# WORK TASK
Set down each entry exactly as given; pictures should not appear in the copy.
** MATERIAL PROVIDED follows **
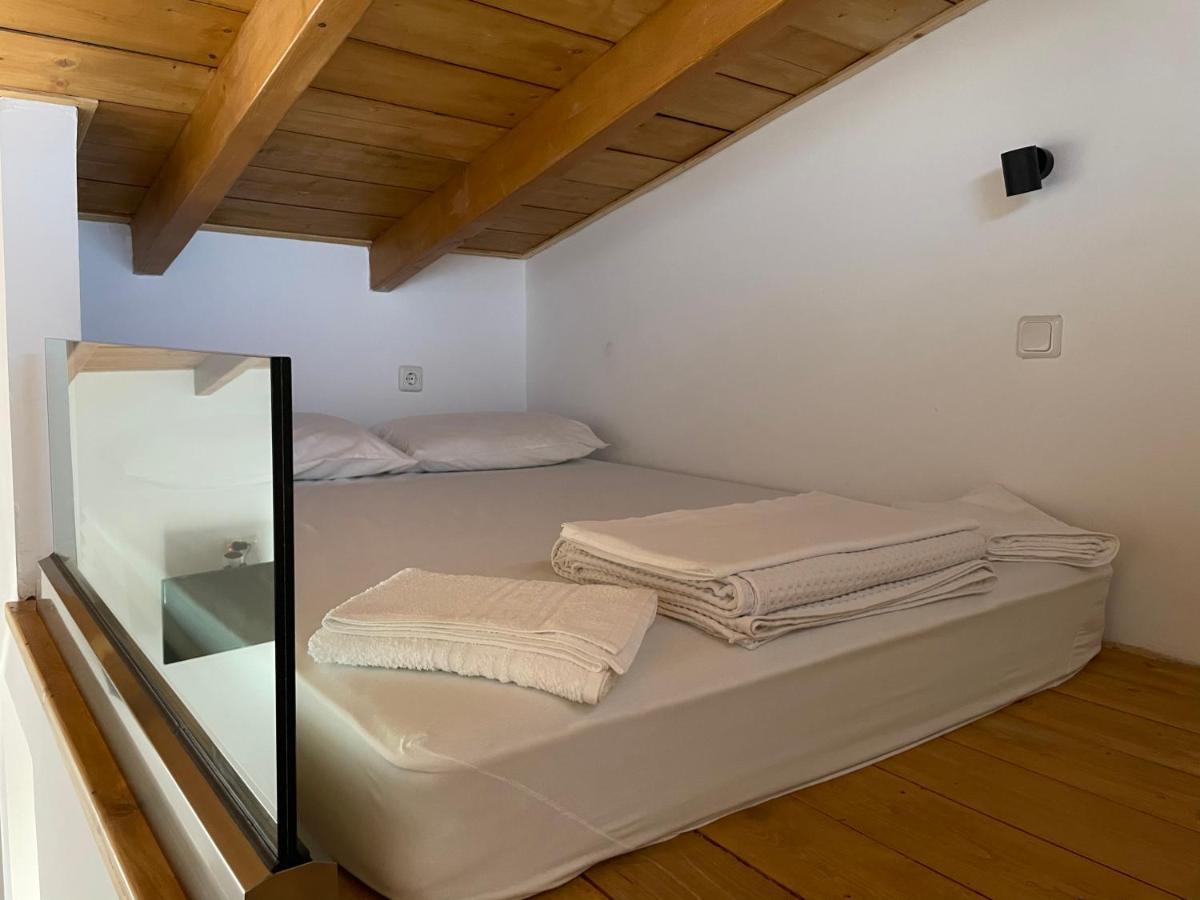 Apartment Spitakia-cozy & Comfy 10minutes From The Airport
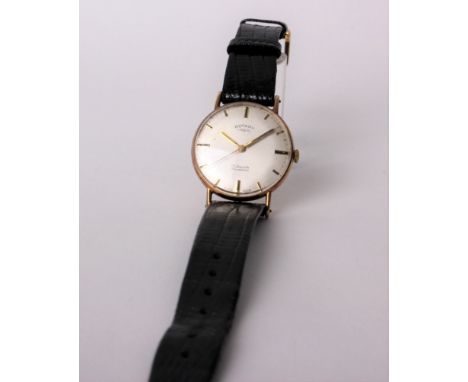 A gentlemen's Rotary 9ct gold wristwatch, 17-jewel Incabloc movement, having champagne dial with baton numerals, on associate
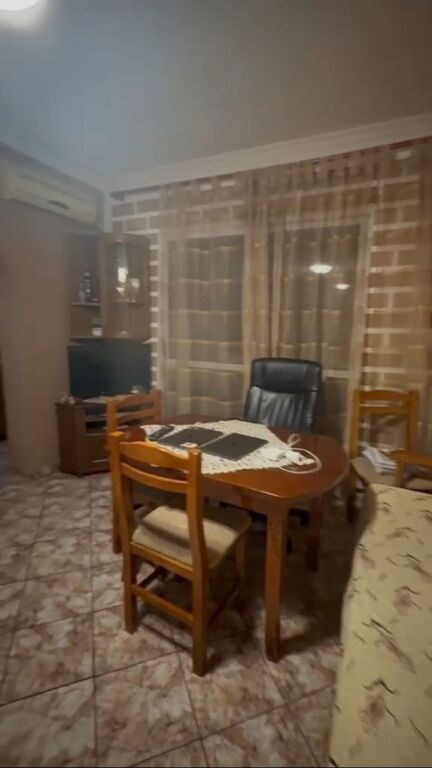 Rent | Apartament 1 + 1 | Rruga e Durrësit | 450 €/month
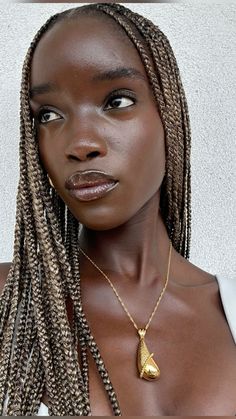 Maty Diba, Blonde Braids Dark Skin Women, Braid Colours For Dark Skin, Dark Skin Blonde Braids, Blonde Braids Dark Skin, Dark Blonde Braids, Blonde Braids On Dark Skin, Braids Dark Skin, Makeup Dark Skin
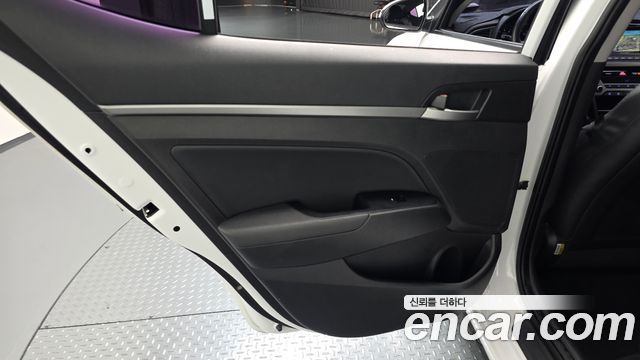 Hyundai AVANTE 2017 — photo 15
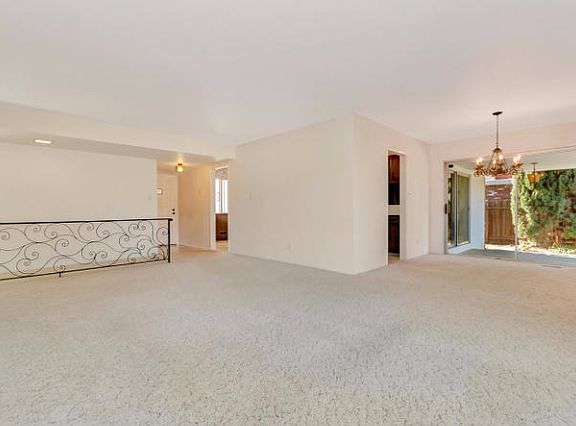3rd image of 80 Greenway Cir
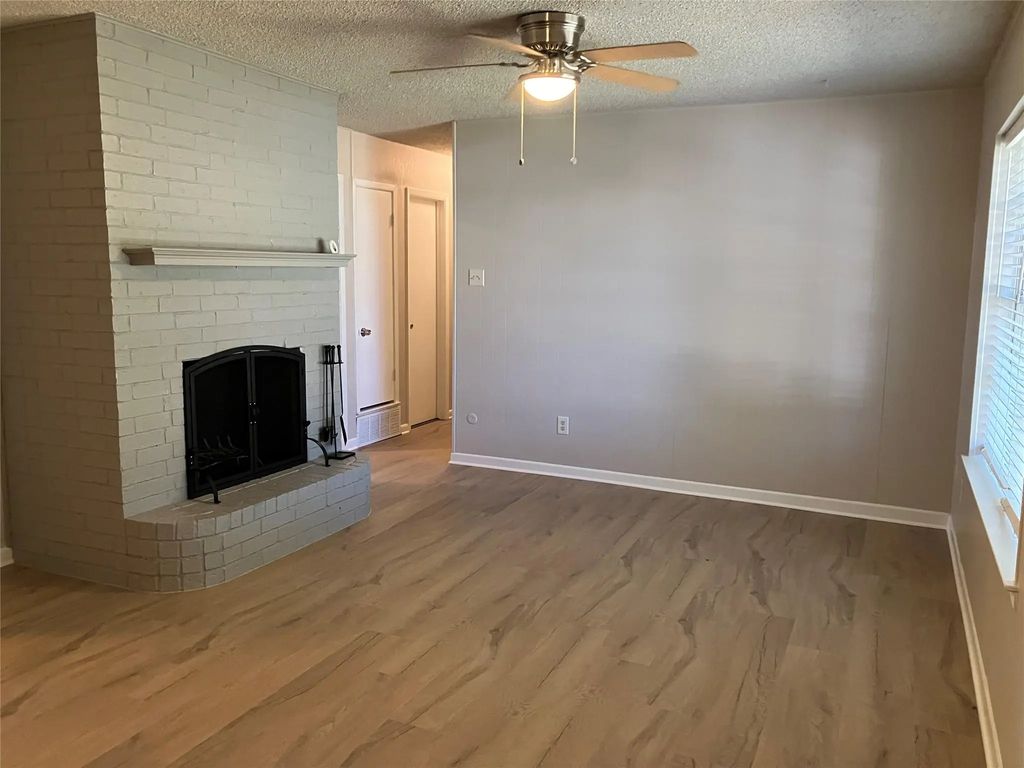 209 Robert Street, Aledo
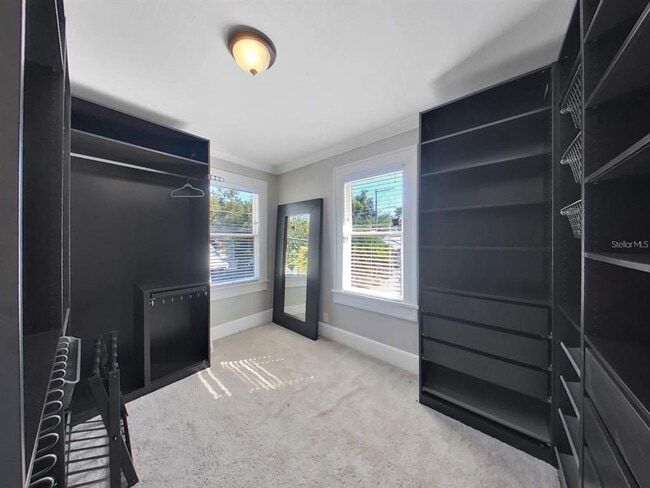 Building Photo - 614 8th St N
** End of MATERIAL PROVIDED **
# PROBLEM SOLUTION
 Apartment Spitakia-cozy & Comfy 10minutes From The Airport
 A gentlemen's Rotary 9ct gold wristwatch, 17-jewel Incabloc movement, having champagne dial with baton numerals, on associate
 Rent | Apartament 1 + 1 | Rruga e Durrësit | 450 €/month
 Maty Diba, Blonde Braids Dark Skin Women, Braid Colours For Dark Skin, Dark Skin Blonde Braids, Blonde Braids Dark Skin, Dark Blonde Braids, Blonde Braids On Dark Skin, Braids Dark Skin, Makeup Dark Skin
 Hyundai AVANTE 2017 — photo 15
3rd image of 80 Greenway Cir
 209 Robert Street, Aledo
 Building Photo - 614 8th St N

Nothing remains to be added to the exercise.